Three, the Congress would be on a much stronger wicket within the UPA. Wherein there may be no takers for tantrums by allies like Trinamool or even DMK. In Maharashtra it would be dealing with a weakened NCP given that post poll Sharad Pawar is in no position to dictate terms. Further, its allies are aware that the Congress is the only viable political option presently. Four, less elbow room for allies could translate into bold and out-of-the-box ideas on the policy front. The upcoming Parliament session could testify to the Congress’ near dominance on the national political stage.

However, at the same time the victory comes with riders. The win in Maharashtra was facilitated by a Saffron alliance devoid of a political plot and Raj Thackeray’s MNS playing Party pooper like the Lok Sabha poll only on a bigger scale. He managed to rally his pet vitriolic raison d’etre sons-of-the-soil theory mixed with brawny arm tactics. Underscoring that Marathi pride still continues to be an issue. True, the MNS didn’t emerge kingmaker as expected but it mauled Shiv Sena candidates in their three decades garh —Lalbaug-Parel-Dadar-Mahim area. Not only that. The MNS delivered a double whammy to the Sena in amchee Mumbai by coming second in the metropolis. Ensuring that he inherits uncle Bal Thackeray’s mantle.

In Haryana, the Congress failed to get a majority despite a three-way split of anti-Congress votes. Primarily, it shot itself in the foot due to over-confidence. Hoping to ride the wave during the Lok Sabha polls that saw the Party winning nine of the 10 seats, Hooda advanced the elections by six months, but the people played spoiler, stopping short of giving it a simple majority.

Holding ominous portents, it has driven home the need for better organization at the local level. The State Government was perceived as an “aamir aadmi’s regime” and many recent investments seen as crony projects.  Add to this, the neglect of non-Jat voters. The resurrection of Chautala shows the resilience of old-fashioned politics and should be sobering for those who feel traditional political tools — caste/community — have lost salience.

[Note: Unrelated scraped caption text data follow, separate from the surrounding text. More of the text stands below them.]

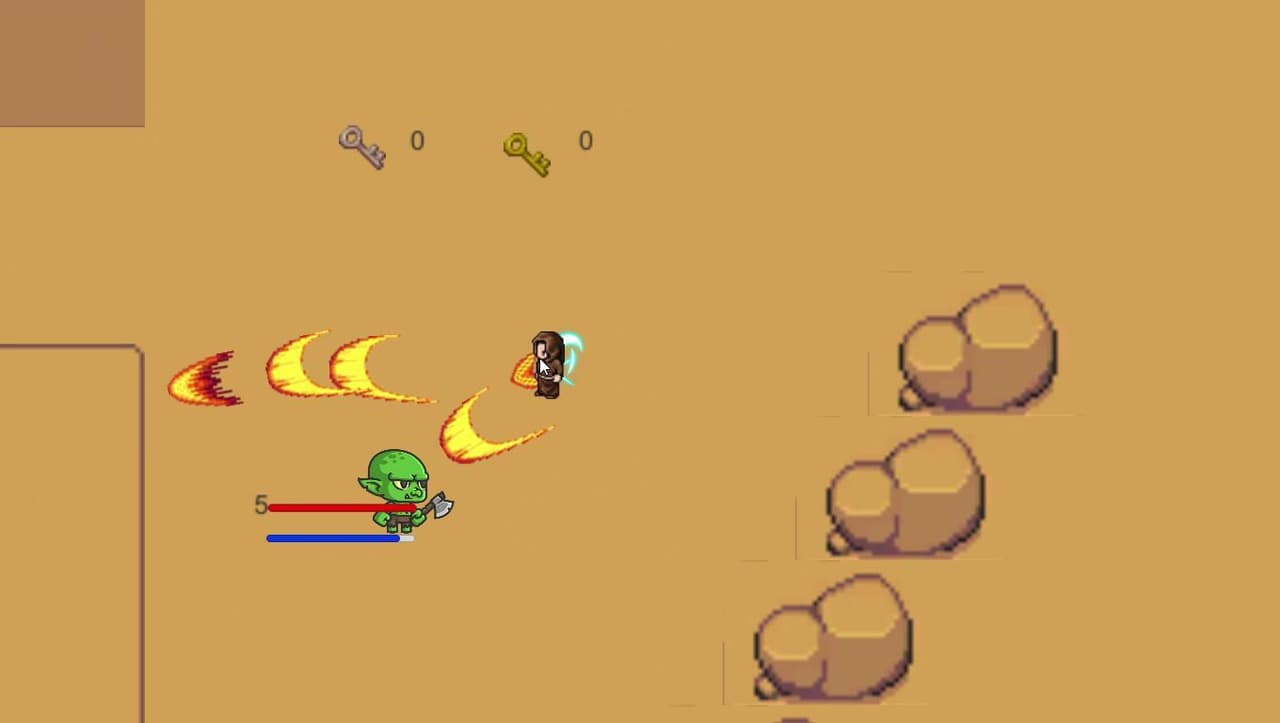2D Desert Town screenshot 4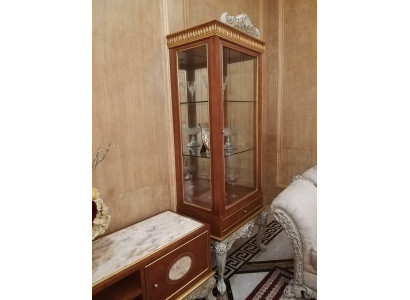 Chest of drawers Display case Chests of drawers Decorative Glass Display cabinets Dresser cabinet Designer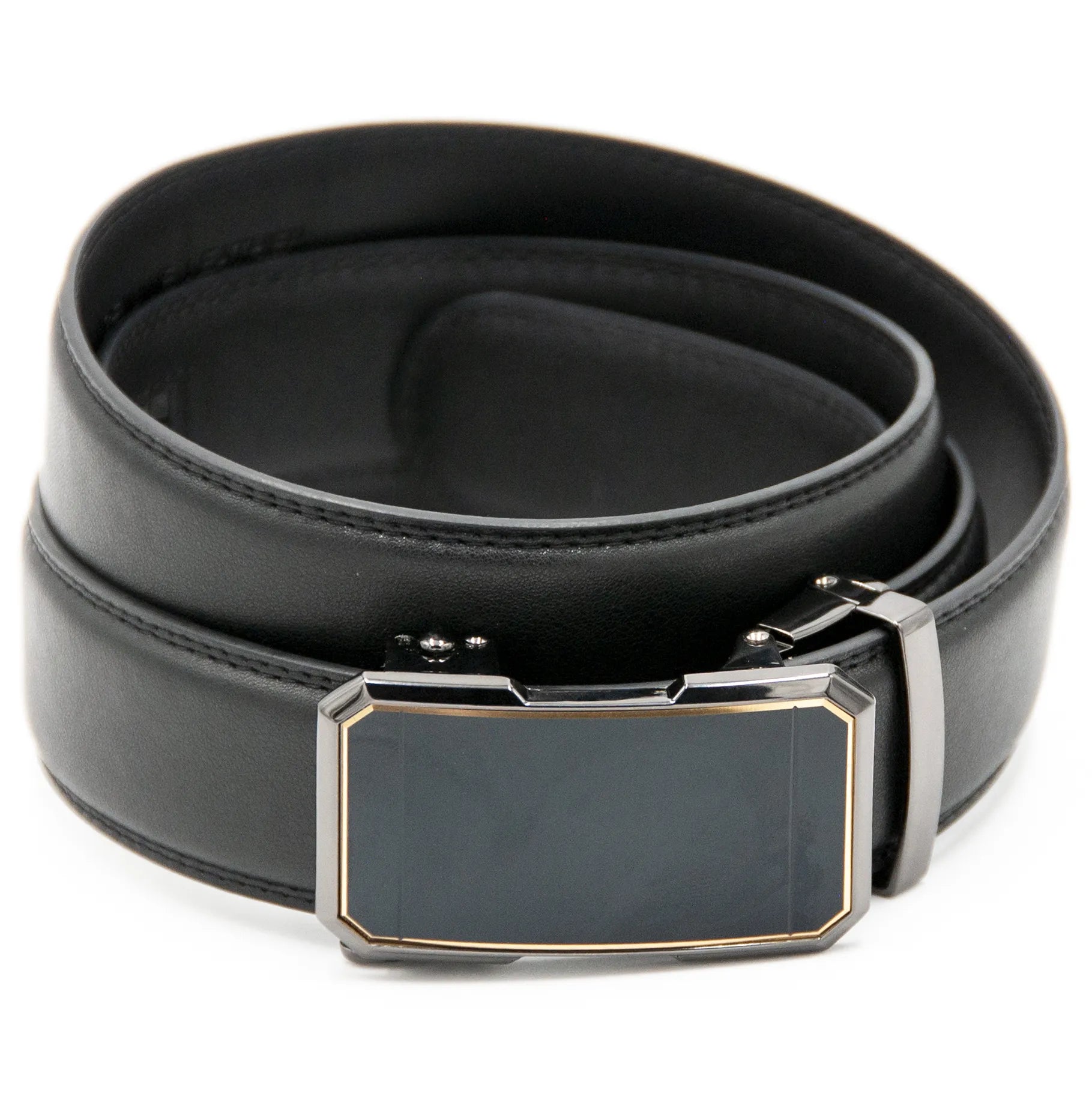 Black & Gold Fashion Belt Buckle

In all likely-hood the Congress could return to its old style of relying on the Gandhi family to propel it to victory in the States. Like Andhra post-YSR and now Haryana the Party is busy mulling over whether it is wise to put all its eggs in one basket. Given the incumbent's unilateralism and complete decimation of other centres of power and domination of ticket distribution. Recall, one of the reasons for Congress’ declining graph in the States over the years was the slow disappearance of powerful regional chieftains.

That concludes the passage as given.